According to the report, EGS technology has already been proven to work in the few areas where underground heat has been successfully extracted. And further technological improvements are on the horizon.

To put it simply, geothermal energy is mined by drilling wells to reach the hot rock of the Earth's crust. These wells are connected to a fractured rock region through which water can flow, which creates a heat-exchange capable of producing more hot water or steam than you can even conceive. This hot water powers up electric generators at the surface. But here’s the unique thing about it: unlike conventional fossil-fuel power plants that burn coal, natural gas, or oil, these generators don't need ANY fuel. In addition, they’re not limited to the same constraints as wind- and solar-based systems. To top it all off, EGS is a potentially non-interruptible source of electric power.

Scientists also concluded that the environmental impacts of geothermal development are markedly lower than conventional fossil-fuel and nuclear power plants, due to low emissions. If you couple that with the small overall “footprint” of the entire geothermal system (contained entirely underground), as well as the surface equipment needed for conversion to electricity, you’ve got a truly winning combination.

So what obstacles may exist to this new/old form of energy? One is the availability of water in arid regions and another is potential seismic risk. For that reason, the study recommended more detailed assessments of various sites, as well as field trials.

Locating geothermal resources is accomplished by geological, geochemical, and geophysical techniques with drilling methods adapted from the oil industry and the use of surface-close hot water, which even now can be used for heating commercial and industrial buildings. The direct use of geothermal hot water is particularly favored for greenhouse and aquaculture use. Electricity production relies on underground reservoirs of hot water or steam, heated by upwelling of magma. These technologies release little or no air emissions, a vast difference from emissions produced by conventional energy sources.

As the new millennium began, the DOE announced the creation of dozens of partnerships between private industry and the DOE to develop and support the development of geothermal energy throughout the western United States. The projects are designed to expand production and use energy generated from geothermal heat to millions of homes and businesses in California, Nevada, and Utah. The goal is to supply a full 10% of the West's energy needs with the use of geothermal resources by the year 2020.

One such producer of geothermal energy, Calpine Corporation, showcases the production of electricity using geothermal steam at their $2.5 million Geothermal Visitor Center in Middletown, Calif. The 6,050 square foot center is designed with state-or-the-art energy efficiency methods, utilizing a geothermal heat pump for both heating and cooling.

Calpine, based in San Jose and in existence since 1984, began offers free public tours of its power plants while the source of this geothermal power at The Geysers has been producing commercial power for the past 40 years.

As we mentioned. the “footprint” for geothermal power plants is easy on the land.

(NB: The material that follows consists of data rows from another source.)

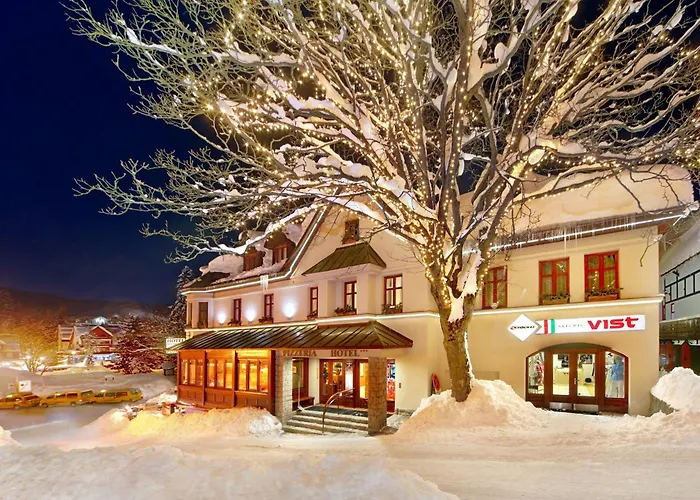 Hotel Pizzeria Belmonte Špindlerŭv Mlýn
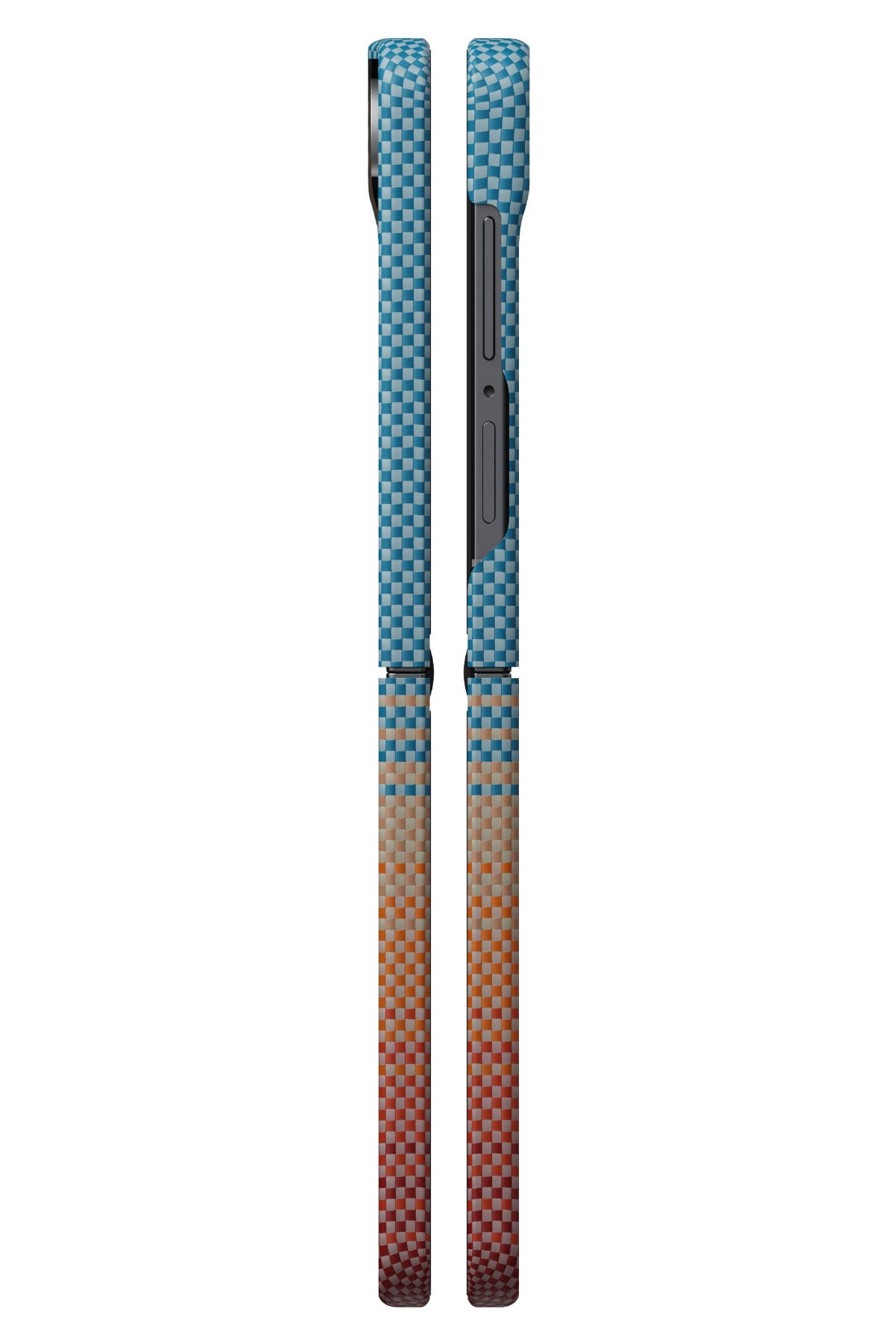 Pitaka Galaxy Z Flip8 California Dream 01 Aramid Fiber Kılıf | MagSafe Uyumlu Ultra İnce
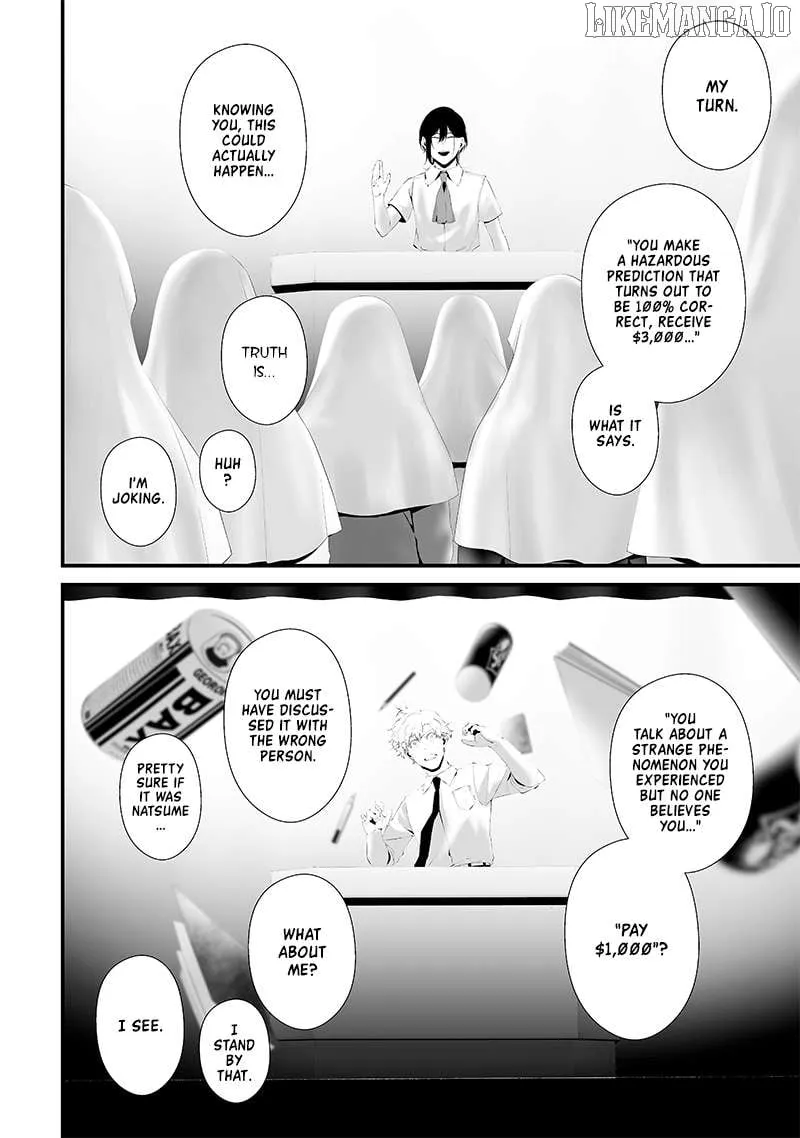 Tsurenai Hodo Aokute Azatoi Kurai ni Akai Chapter 53 page 9 - 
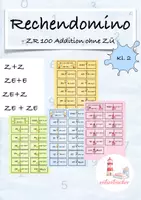 Vorschau - Spiele - ZR 100 Addition ohne ZÜ Spiel Rechendominos - Deckblatt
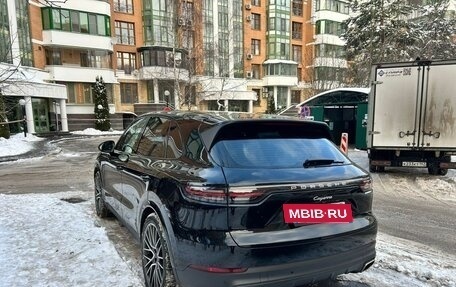 Porsche Cayenne III, 2021 год, 9 550 000 рублей, 4 фотография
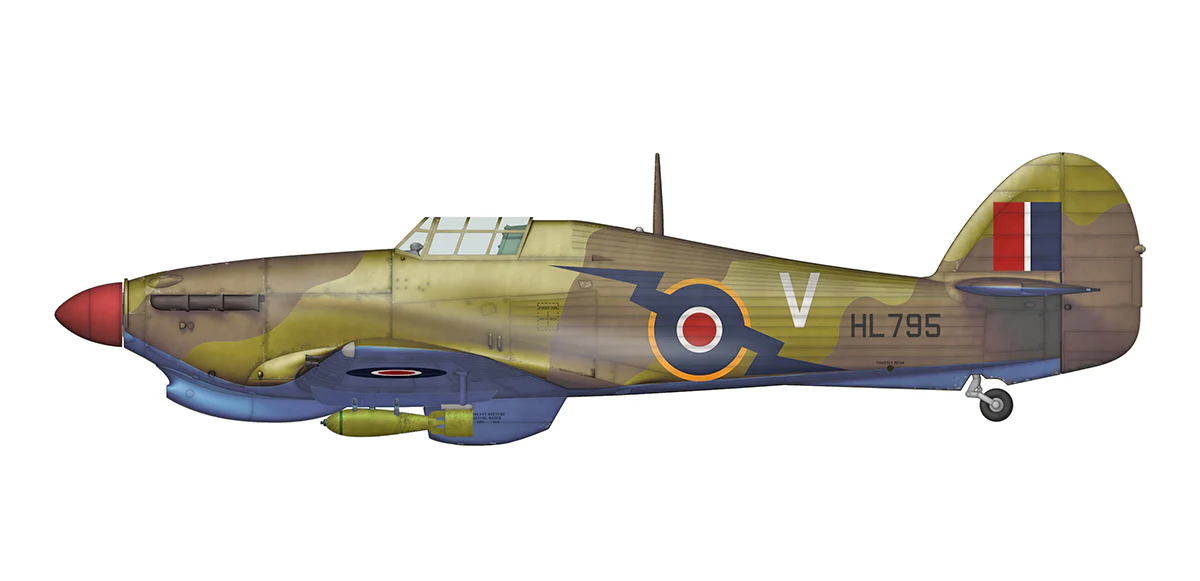 Arma Hobby 1/48 Hurricane Mk IIB Trop - Image 5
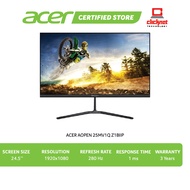 ACER AOPEN 25MV1Q Z1BIIP 24.5'' FHD 280Hz GAMING MONITOR_BLACK
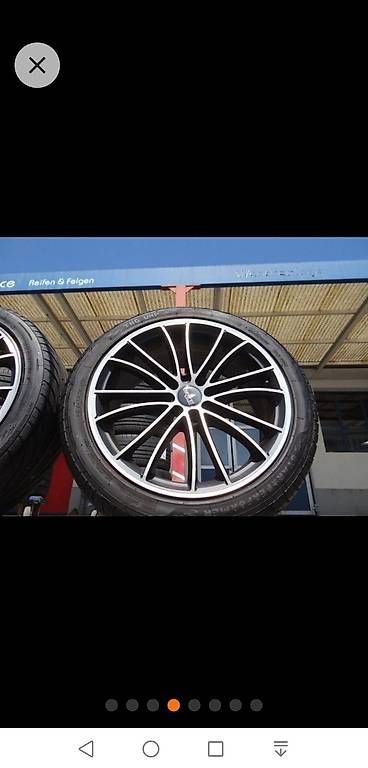 Pneumatici & Ruote complete: Corniche Le Mans Räder 17 Zoll – Usato da Zollikofen venduto da abgeblitzt 3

Smaller per megawatt than for almost every other type of power plant, geothermal installations don't require damming of rivers or harvesting of forests -- and there are no mine shafts, tunnels, open pits, waste heaps or oil spills.

The plants are designed to run 24 hours a day and are resistant to interruptions of power generation due to weather, natural disasters or the political consequences of using foreign sources of energy in our already crisis-ridden energy atmosphere. In other words, no dollars need change hands to import fuel for geothermal power plants, so there will never be any fuel price-shocks.

The first geothermally-generated electricity in the world was produced at Larderello, Italy in 1904. Since then it has grown worldwide to twenty-one countries around the world. Yesterday Google announced that it was getting into the geothermal power game, investing over $10 million into researching Enhanced Geothermal Systems. It is estimated that using this technology, just 2% of the heat below North America would easily supply all of the United States’ current energy needs.

Reports now show a large geothermal potential in Australia: An Australian government scientist told Reuters that 1% of the nation’s untapped geothermal potential could create enough energy for 26,000 years. Currently Australia generates about 77% of its electricity from coal and is the world’s largest per-capita carbon emitter, with individual emissions being five times those of China.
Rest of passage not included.